Dear Men of the World,
I have hated you…
for walking away from your feelings and divorcing yourself from love so easily.
for worshipping my body and destroying my heart.
for lying to yourself, rather than owning your darkness and allowing it to heal you.
for valuing money, status, and possessions over genuine connection.
for being cold, stoic, and distant when I was starving for your affection.
for loving only the parts of me that you could handle, the easier parts, the soft parts, the parts that don’t question or confront.
I have hated you for teaching me all of these lessons, and I have hated myself for learning them so well that I’ve used every one of them against you. I wanted to BE you, to become what I believed was the epitome of strength and control, instead of honoring all that is naturally powerful and divinely feminine within me.
I couldn’t possibly love you until I began to love all of my disowned parts. That took many years of shedding layers, dismantling walls, and grieving. So much grieving. I still grieve for the patriarchal damage we’ve both endured. Even now, after all the work and the healing, I still find pieces of me that need mending. I still find ways of blocking my own happiness. I still find little pockets of shame, buried deeply in the contours of my body and the recesses of my mind and heart.
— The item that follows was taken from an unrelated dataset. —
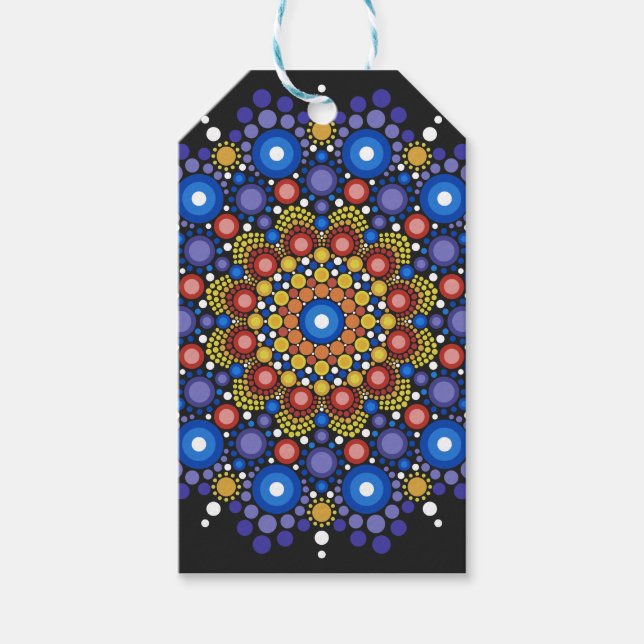 Blumenstrauß Fraktal Retro Mandala Geschenkanhänger (Vorderseite)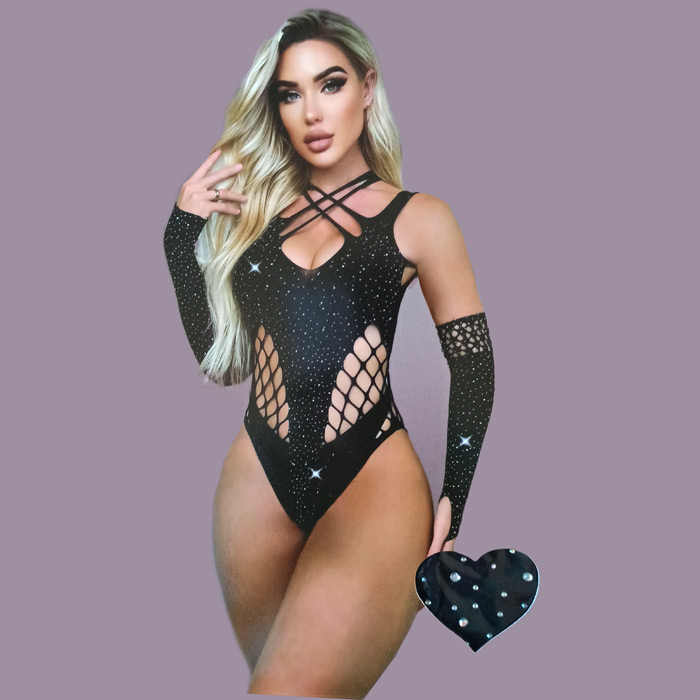 Grossiste <!--Lingerie hyper sexy-->Body très sexy maille filet stretch paillette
I know all those things you taught me aren’t really you. It’s how you’ve been coping with life or avoiding it, but I believe you’re capable of so much more. Somewhere, underneath your rusty armor and the weary, fragmented pieces of your soul, a light still shines. It’s barely a flicker most of the time, but if you ever allow it to break through your toughened exterior, it will melt me. Did you get that? It will melt me right into your chest, because I will trust you enough to let you all the way inside me. Do you want to be all in? Then be all out. Show me your heart, and I will show you the universe.